Lydia Green to Challenge Simon for Assembly in Northwest BK

Lydia Green, a District Leader for the Democratic Party in northwest Brooklyn, will be primarying Jo Anne Simon for a seat in the state legislature next year. Photo: @lydiagreenbk
By JACK DELANEY | jdelaney@queensledger.com
Lydia Green, a twenty-nine-year-old organizer currently serving as a District Leader for District 52, is challenging long-time Assembly Member Jo Anne Simon for her seat in the same Brooklyn jurisdiction, which runs from DUMBO to Park Slope.
Green announced her bid on Monday, December 14, through a post on Instagram, positioning herself as an antidote to “establishment politicians” who “cater to niche interest groups rather than organizing towards the common good.”
“I grew up right here in Park Slope and am a product of Brooklyn public schools,” Green wrote. “This district is where I learned how to walk and write, multiply and march, and push for progress. But this district is also where I’ve learned how our government has failed us.”
Green is reaching the end of her two-year term as District Leader, an unpaid but elected position within the Democratic Party that focuses on grassroots outreach. Each Assembly District votes for two District Leaders — one male, one female — who help to elect county party chairs, nominate judges, choose poll workers, and organize voter registration drives.
“As a District Leader, I passed resolutions calling for single-payer health care and free public college,” said Green. “I’ll bring this same courage and energy to the Assembly.”
Green previously worked as a staffer on eight progressive campaigns, ranging from City Council to Congress. Her own candidacy comes at an inflection point for New York politics, as a new guard of young leftists seeks oust older, often more centrist leaders — and to fill the legislature with allies of Mayor-elect Zohran Mamdani. (This generational rift is a national one: A recent Harvard poll found that 57% of voters aged 18 to 42 disapproved of the Democratic Party.)
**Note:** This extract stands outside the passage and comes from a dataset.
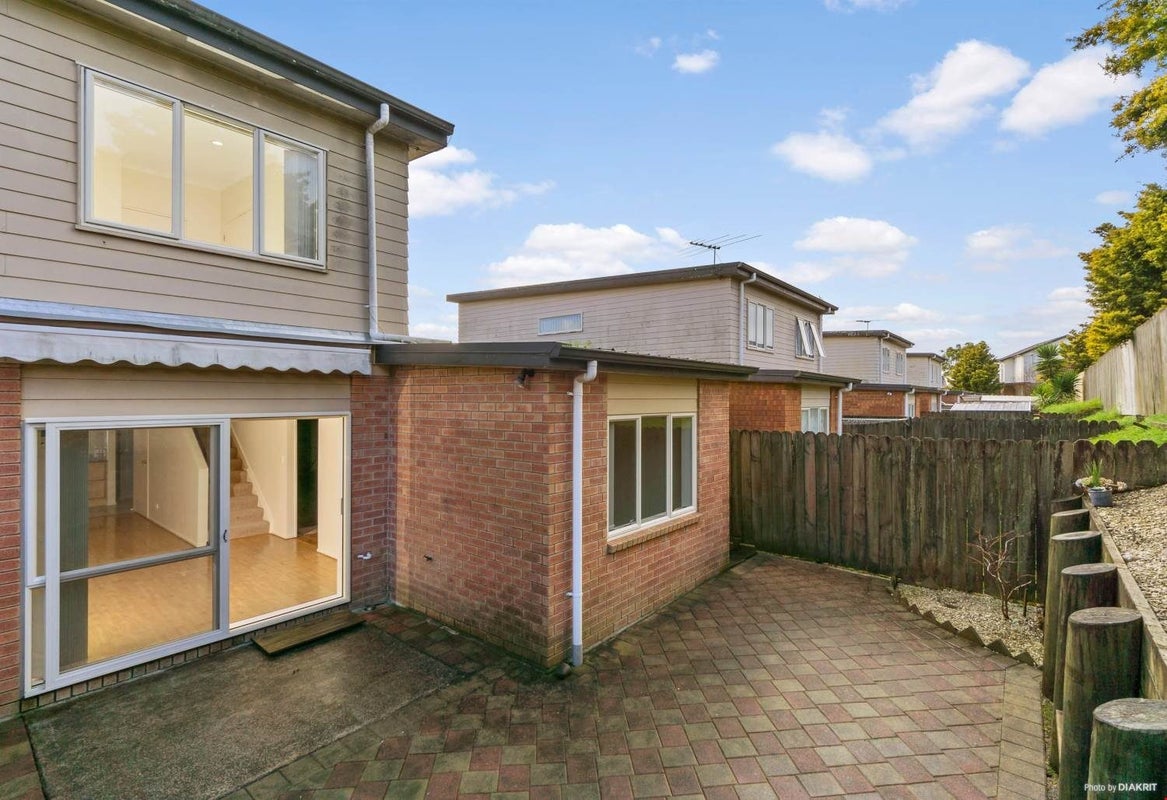 16 Brashier Circle, Sunnyvale, Waitakere City, Auckland - Carousel 8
“In both the mayoral primary and general election, voters of this district have indicated that they are hungry for a bold and unapologetically progressive type of politics,” Green told the Star, noting that she would be “a true partner with our Mayor-elect to deliver on the incoming administration’s affordability agenda for western Brooklyn.”
Green’s platform rests upon three issues: taxing the rich to fund public schools and childcare, increasing the housing stock and protecting tenants, and climate-proofing this corner of Brooklyn.
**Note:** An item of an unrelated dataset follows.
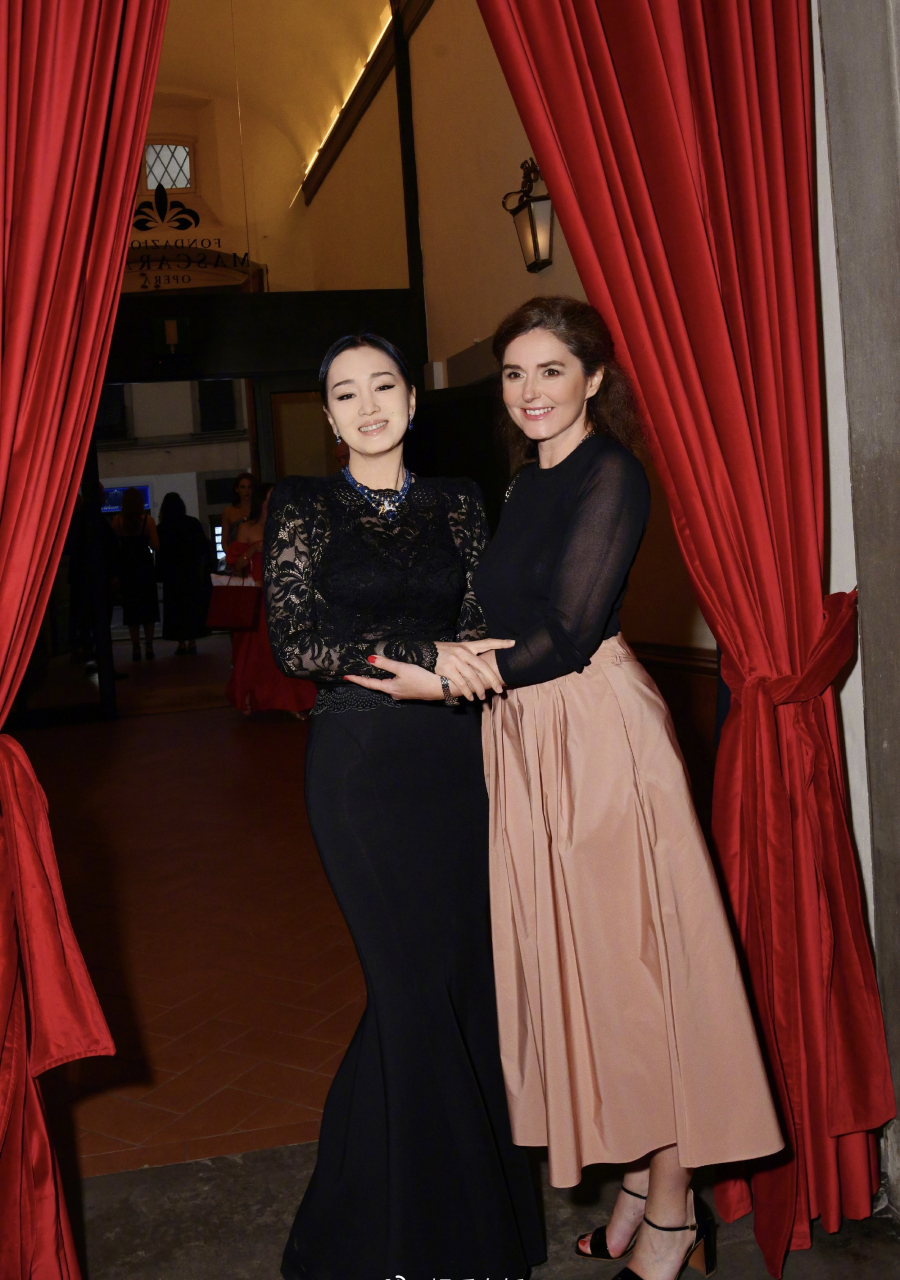 巩俐郭晶晶合照气质# 巩俐近日在意大利佛罗伦萨出席珠宝展晚宴欢动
“In this district, our rents have skyrocketed, the climate crisis has flooded our waterfronts, and the few have become richer at the expense of everybody else,” said Green.
District 52 encompasses many of the most heavily gentrified neighborhoods in the borough, although areas like Gowanus still carry baggage from their industrial past.
But as officials push to build hundreds of thousands of units amid a citywide housing crisis, the incumbent, former disability rights lawyer Jo Anne Simon, has taken on high-profile roles in negotiations over multi-billion dollar projects in nearby districts — chief among them the Brooklyn Marine Terminal (BMT) in Red Hook and Atlantic Yards in Downtown Brooklyn.
Simon, 73, was a founding member of BrooklynSpeaks, a community organization that has critiqued the developers of Atlantic Yards, and joined local Red Hook reps in voting against the BMT plan, saying it needed additional studies into whether the area’s sewers and roads could accommodate a major influx of residents.
Yet Green, like local Council Member Shahana Hanif, 34, who voted yes on the BMT proposal, gestured in her campaign launch at frustrations with the slow pace of development amid a citywide housing crisis.
Green, who is queer and Jewish, traces her family’s roots in Brooklyn to Bath Beach. “My ancestors came to America with very little but eventually they were able to start their own kosher butcher shop that lasted multiple generations and helped the family survive the Great Depression,” she shared in an interview with The Workers Circle.
Now seeking to represent the borough’s western shoulder, Green will look to best Simon — who came up short in a bid to become borough president in 2021, but won her latest primary in 2024 with 80% of the vote — next November, since Assembly members are elected to two-year terms without term limits.
“Whether it’s the looming threat of ICE raids, the deepening affordability crisis, or the desperate need for housing, Brooklynites need and deserve a fierce champion,” Green said on Monday. “I’m running to be that champion.”